Seis de la tarde. Repetición de las noticias. Cambio de canal, recorrido por la programación en parrilla, la peor es la de los fines de semana. Un libro abierto espera que siga su lectura, se acaricia con amor, pero no hay ánimo para seguir leyendo. Dos relámpagos en extremo luminosos y el subsiguiente estruendo, la amenaza de lluvia se convierte en una llovizna ridícula.
Se llama a los hijos a ver qué hay de nuevo, están en lo suyo: el descanso del fin de semana.
No se interrumpe a las amigas en los días dedicados al esposo y a los hijos. Se exacerba el fastidio, ese que aflora de vez en cuando, pero al que si no se le busca solución inmediata se convierte en ansiedad o angustia. Hay que hacer algo: regar matas, sólo son dos, ¿desempolvar libros? Buena tarea, pero el ánimo sólo alcanza para limpiar una docena y ocurre el encuentro pasajero con Marcel Proust, aunque viejo, es genial, se lee algo sobre la amistad, se nota que lo escribió en un estado de ánimo igual al que se describe, no hay caso.
¿Una refresco? No, se interrumpe la dieta estricta basada en reacciones químicas, a lo sumo una zanahoria, faltan dos horas para el bistec permitido. A las seis y treinta el pequeño mundo del apartamento se siente caótico a pesar de que el silencio reina en toda su extensión, todo está en su lugar, limpiecito, a través de los ventanales se ve una ciudad brumosa por el vapor que produjo la lluvia engañosa.
Hay una solución: la música. Sí, fabulosos los coros de Nabuconodosor, de Verdi, no; mejor boleros, tampoco, se quitan rápido porque hay nostalgia era la música de los papás, la sonrisa dulce de él y la mirada romántica de ella; rock, vallenato, rancheras, en fin ninguna tiene el poder de despejar la fuerza del aburrimiento, del que decía Alberto Moravia: “Es sencillamente perder, por momentos, la relación afectiva con lo que nos rodea”.

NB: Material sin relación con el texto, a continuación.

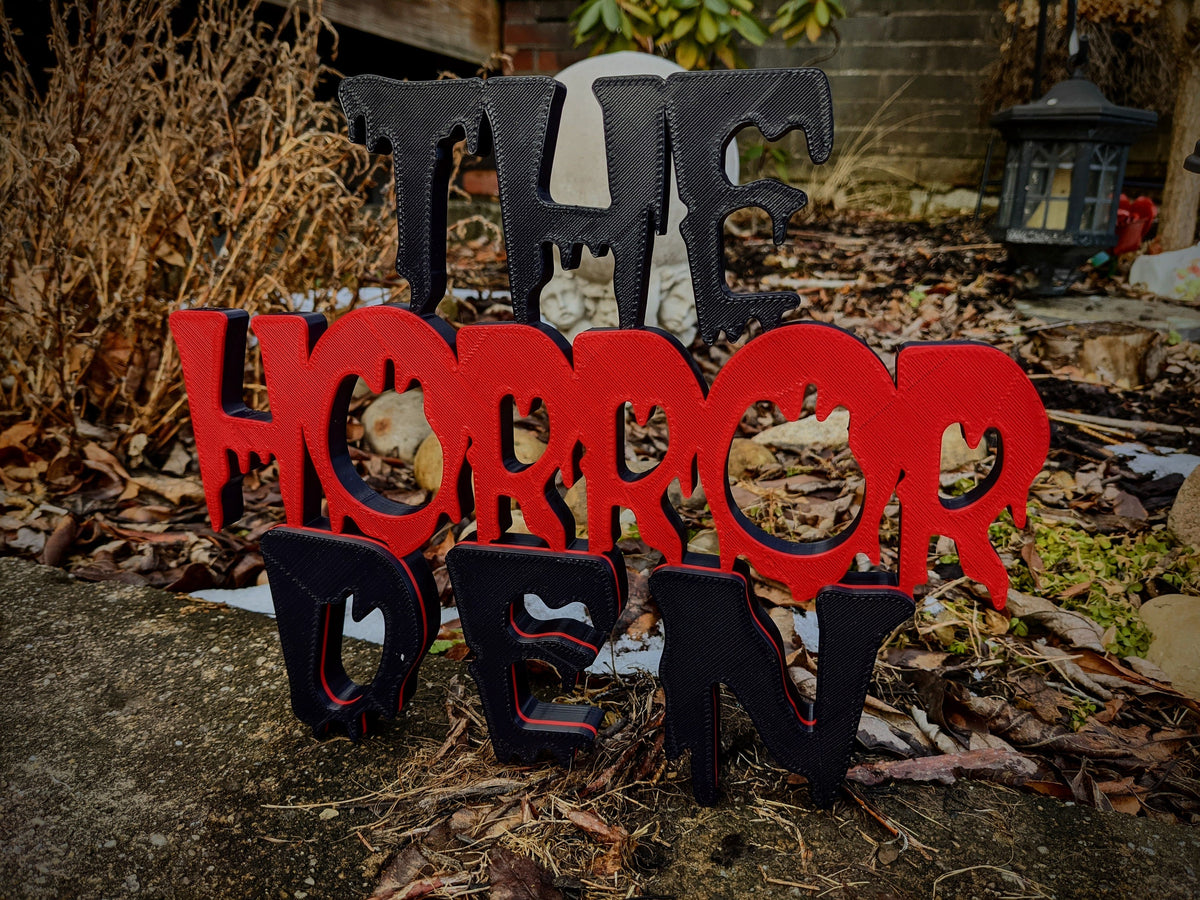 Layered red and black Horror Den 3D-printed sign — image 2 of 5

Quedaba un recurso: una infusión de hierbas de las que tomaba la mamá para dormir, el efecto es lento, comienza la somnolencia y el valor que flaqueó en llamar a una amiga para conversar, interrumpir su paz dominical, se superó, ella grita: aló, aló, se le escucha perfecto, pero ella no oye. Luego ella devuelve la llamada. Dice: me estaba bañando. Se habló de Clemencia, poeta infinita, de Felipe Granados, ella lee poemas de ellos, lee el último poema y dice: voy a comer algo, tengo hambre.
El sueño comienza a hacerse pesado, no hay remordimientos, solo esa lejana preocupación de si esa amiga pensará que a la amiga le está fallando el coco, y se piensa de nuevo en Moravia: “La amistad es más difícil y más rara que el amor. Por eso, hay que salvarla como sea”.
El próximo ataque de aburrimiento, ‘y que el día esté lejano’, si no está lloviendo o el calor no es infernal, se conjurará con una caminata hasta el río, como en las madrugadas.
Ajá, y el que asegure que alguna vez en su vida, o muchas veces, no ha sido víctima del aburrimiento severo, miente, y si es de los afortunados que no, bendito sea.